Наши роуди зацепили нас каблуками за край сцены и привели нас в вертикальное положение, на меня повесили бас.
– Так, окей, – говорю я. – В какой стороне публика, чувак?
– Вон там.
– Далеко?
– Десять ярдов.
Я шагнул вперед:
– 1–2-3–4-5, ага. Поехали.
И это был один из лучших концертов, которые мы записали. Взаимодействие между мной и Броком было фантастическое. Но публику я так и не увидел! С этой записи мы взяли наш единственный хит – Silver Machine, второе место в чартах, между прочим! На сингле вокал – мой, хотя на концерте пел Боб. Боб в тот вечер был не в форме и звучал ужасно, так что потом все по очереди пытались записать вокал овердабом[29], но хорошо получилось только у меня. Это почти единственный случай, когда я пел основной вокал в Hawkwind, – еще были The Watcher на Doremi Fasol Latido, Lost Johnny на Hall of the Mountain Grill и Motörhead – би-сайд сингла Kings of Speed, который потом попал на переиздание Warrior on the Edge of Time. Но я часто пел партии бэк-вокала.

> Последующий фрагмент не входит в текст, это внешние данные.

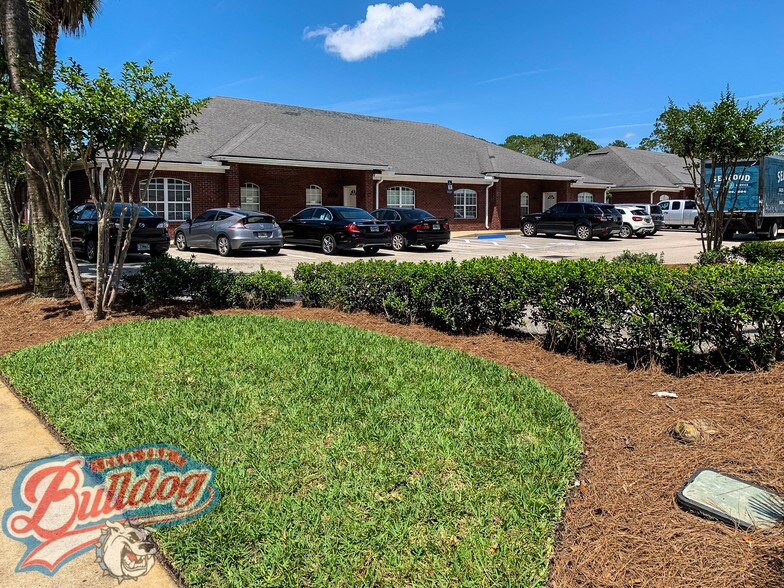 9957 Moorings Dr, Jacksonville, FL 32257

Работа с Hawkwind – это было волшебное время. Мы ездили жрать кислоту в одно огромное заброшенное поместье. Через обширный разросшийся сад шли узкие тропинки, вокруг сгоревшего дома были разбросаны декоративные пруды и туннели. Безумное местечко. Мы приезжали туда всей группой плюс десяток девчонок и пара каких-нибудь приятелей, перелезали через стену, упарывались и бродили по парку – то и дело видишь под деревом кого-нибудь, кто свернулся узлом и что-то бормочет. Это было великолепное время – лето 71-го: я его не помню, но никогда не забуду!

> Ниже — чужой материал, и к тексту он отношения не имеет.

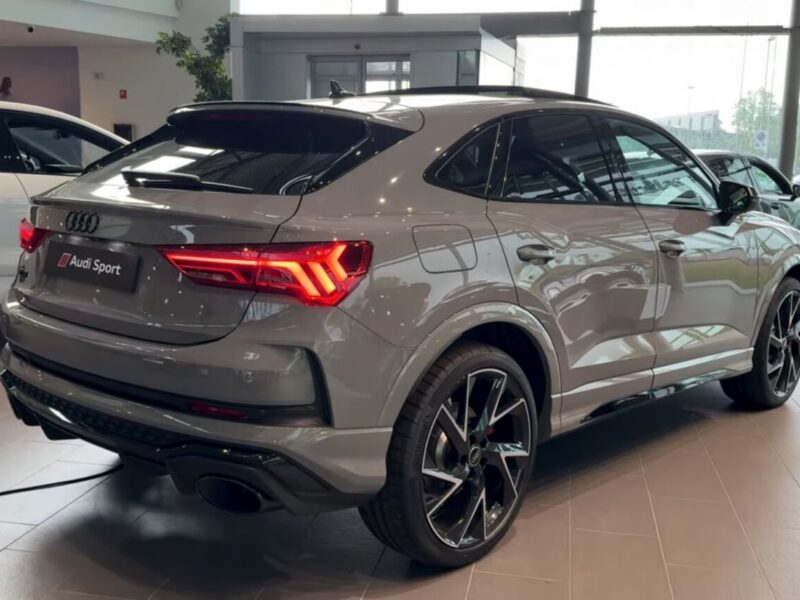 Audi Rsq3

Вы, возможно, интересуетесь, как я выжил с учетом всех тех наркотиков, которые я потреблял в то время. Один раз я умирал – по крайней мере, в группе решили, что это так. Но это было не так. Все началось с того, что мы в своем фургоне возвращались с концерта домой. За рулем был чувак по имени Джон-Сортир[30] – а вот он, раз уж мы об этом заговорили, отбросил коньки два года спустя. Он завозил всех по очереди, и я оставался последним. Мы были заняты тем, что делили между собой сотню синих (смесь спидов с седативами). У меня на коленях лежал мешочек, и я как раз отдал ему его пятьдесят таблеток, и у меня оставалось пятьдесят. И тут прямо перед нами тормозит полицейская машина, и в ней полно копов. Вовремя, нечего сказать.
– Так, Лемми, – говорит Джон, – сейчас нас заметут.
Не поспоришь. Но я не собирался с этим мириться. «В жопу все», говорю я и пихаю в рот все свои таблетки – и Джон делает то же самое. И вот мы сидим, жуем пятьдесят синих одним куском. Такая гадость, скажу я вам! И запить их нельзя, потому что у дверей стоят копы.
– Выходите из фургона.
– Хорошо, офицер, – говорим мы – с трудом, потому что нам мешает полупрожеванная каша во рту.
– Что вы там делали на переднем сиденье? – спрашивает меня один из копов. – Я видел ваши руки, вы что-то делали, когда мы вас остановили.